Task item
Images are to be omitted, and the rest of the records reproduced exactly.

━━━━━━━━━━━━━━━━━━━━

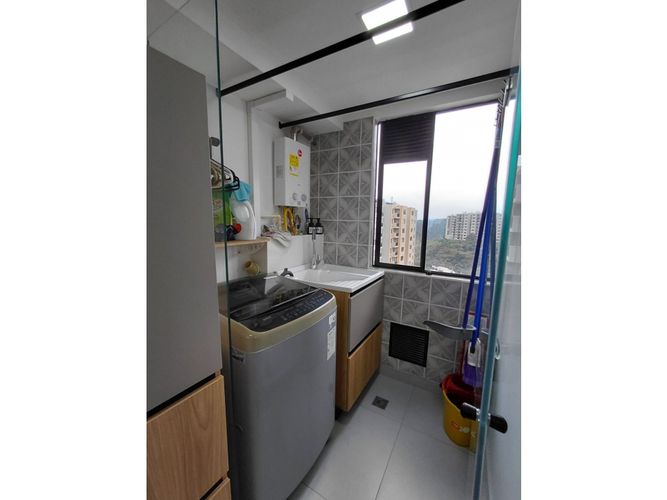 Apartamento de 2 alcobas en venta en Cuatro Esquinas, Rionegro, 49 m² · foto 3 de 10
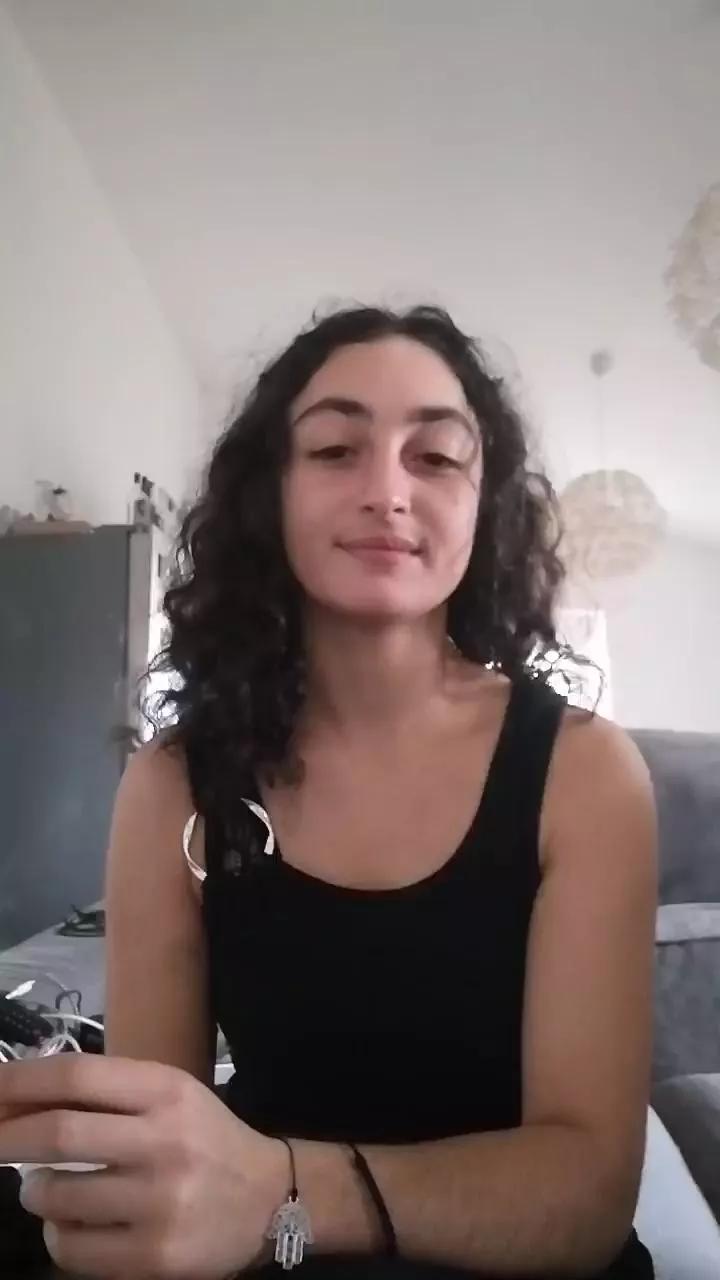 jeunecouplefun on Cam4 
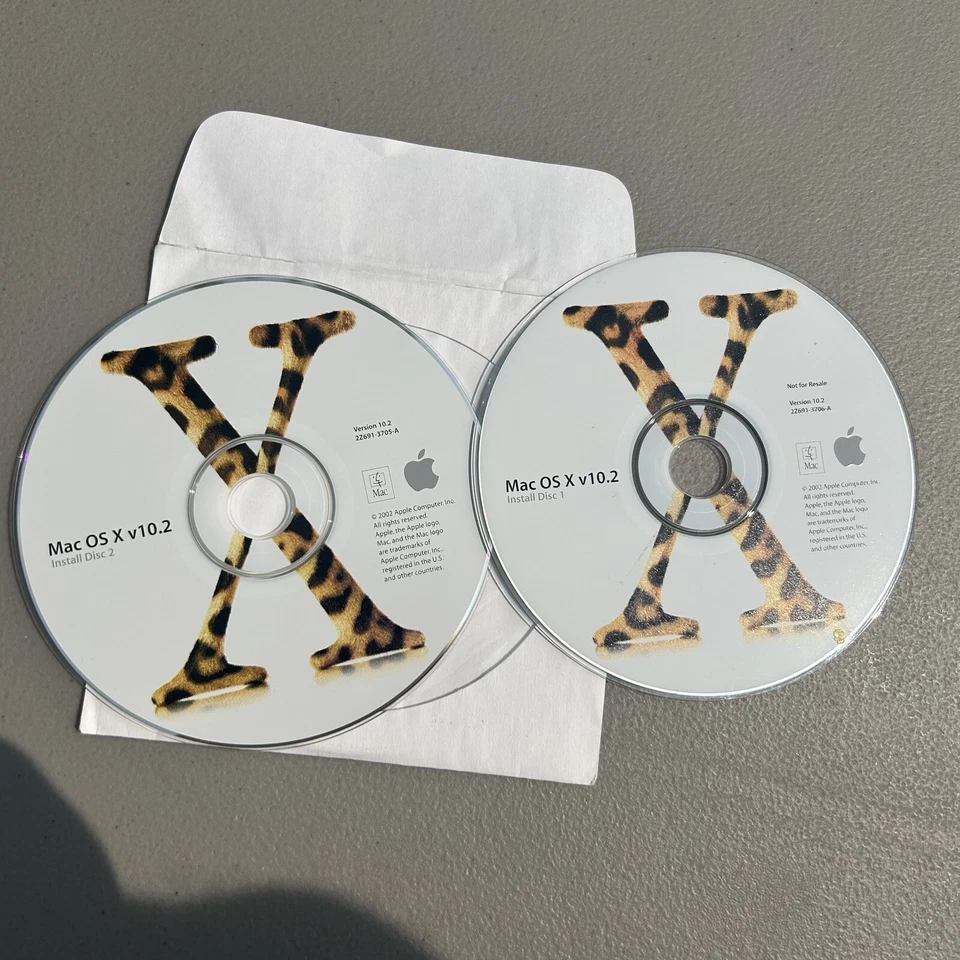 Apple Mac OS X v10.2 Jaguar Install Discs 1 & 2 Macintosh Operating System 2002 - Image 1 of 1
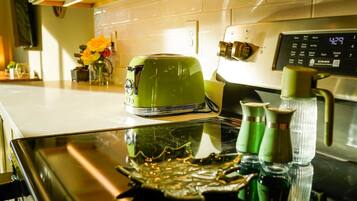 Kylskåp, mikrovågsugn, ugn och spishäll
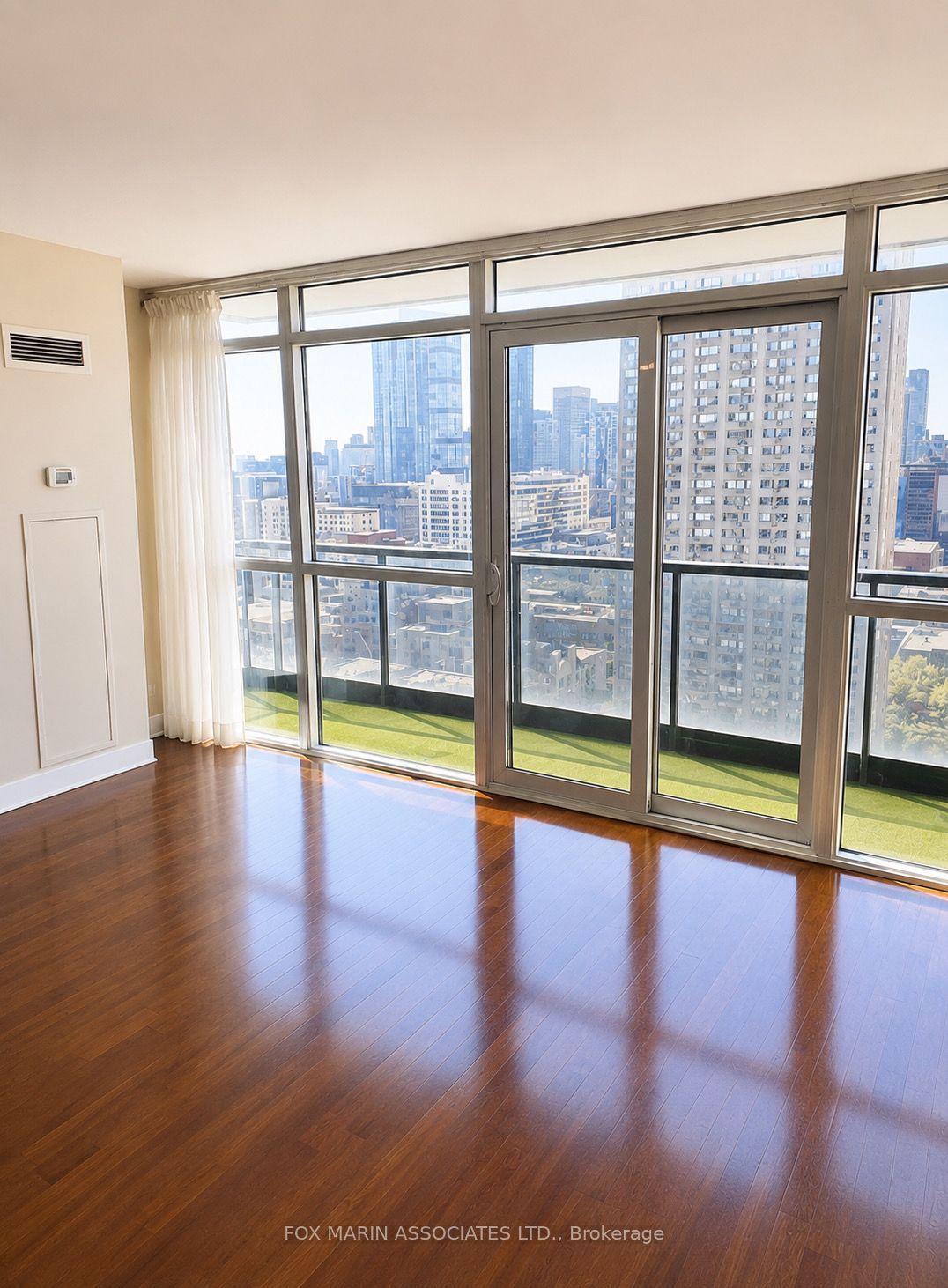 25 Carlton Street 1902, Toronto, ON M5B 1L4 photo 4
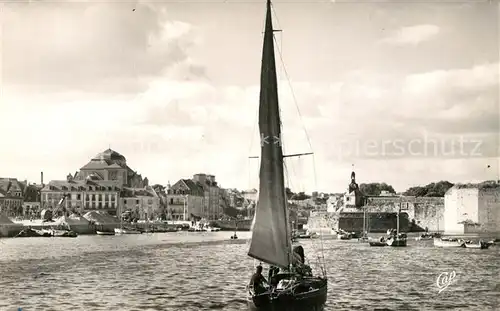 AK / Ansichtskarte Concarneau_Finistere Le port et la ville close Concarneau_Finistere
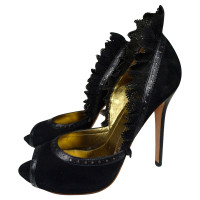 Alexander McQueen pumps in black with lace trim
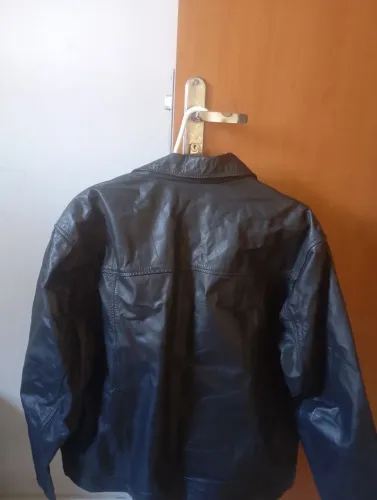 Jaqueta de couro masculino ótimo preço pouca usada perfeita pra quem gosta de está bem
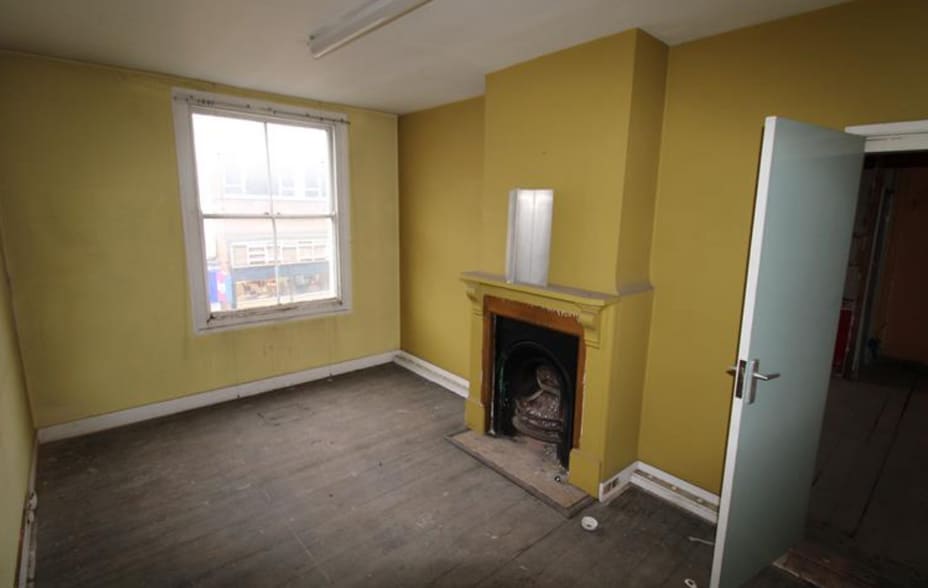 33 Castle St, Hinckley to rent - Interior Photo - Image 2 of 6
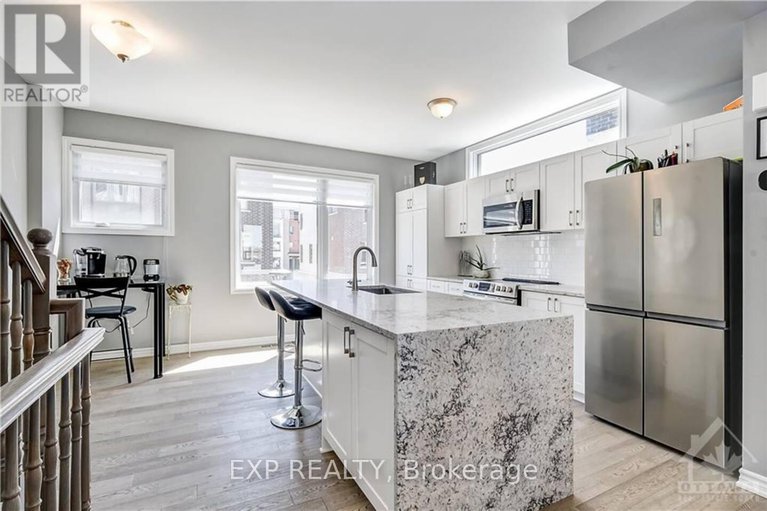 28943823/213-makadewa-private/cfb-rockcliffe-and-area/ottawa/ontario/K1K4Z8_4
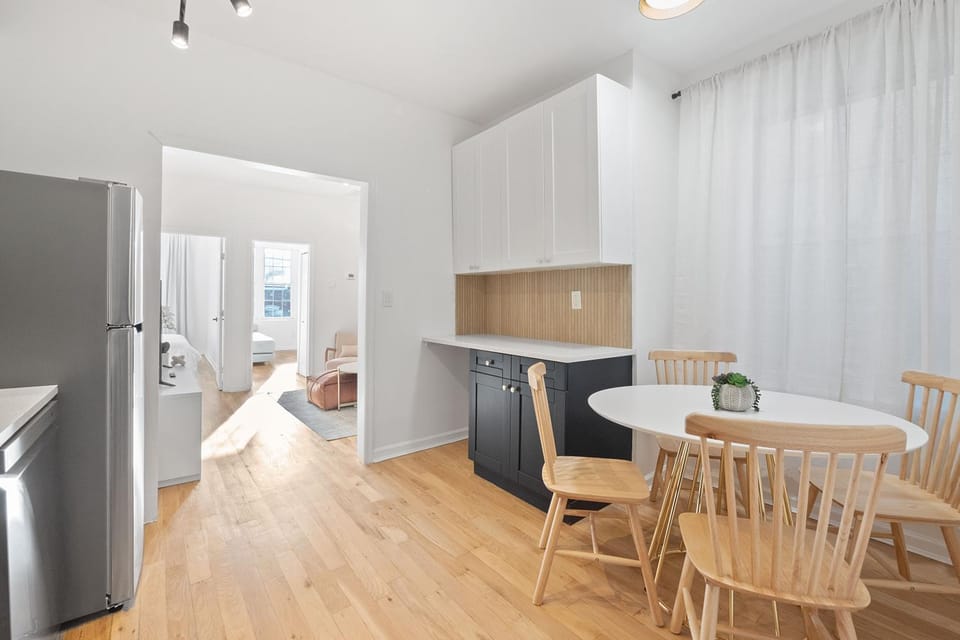 Kitchen or kitchenette, Dining area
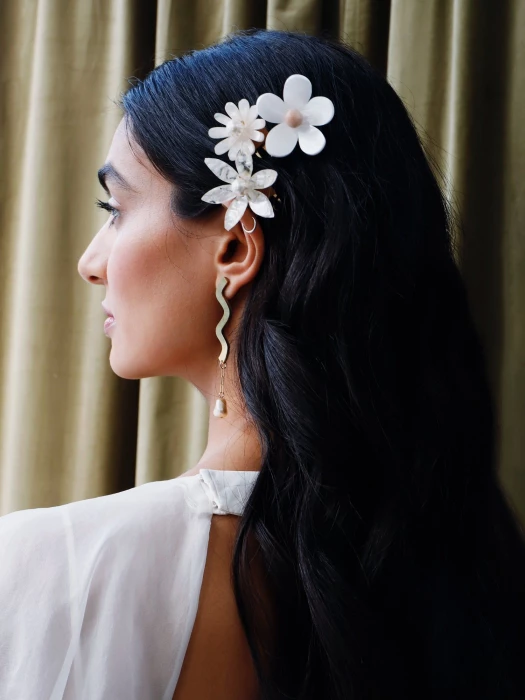 meadow comb set in white 1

━━━━━━━━━━━━━━━━━━━━

Written response
 Apartamento de 2 alcobas en venta en Cuatro Esquinas, Rionegro, 49 m² · foto 3 de 10
 jeunecouplefun on Cam4 
 Apple Mac OS X v10.2 Jaguar Install Discs 1 & 2 Macintosh Operating System 2002 - Image 1 of 1
 Kylskåp, mikrovågsugn, ugn och spishäll
 25 Carlton Street 1902, Toronto, ON M5B 1L4 photo 4
 AK / Ansichtskarte Concarneau_Finistere Le port et la ville close Concarneau_Finistere
 Alexander McQueen pumps in black with lace trim
 Jaqueta de couro masculino ótimo preço pouca usada perfeita pra quem gosta de está bem
 33 Castle St, Hinckley to rent - Interior Photo - Image 2 of 6
 28943823/213-makadewa-private/cfb-rockcliffe-and-area/ottawa/ontario/K1K4Z8_4
 Kitchen or kitchenette, Dining area
 meadow comb set in white 1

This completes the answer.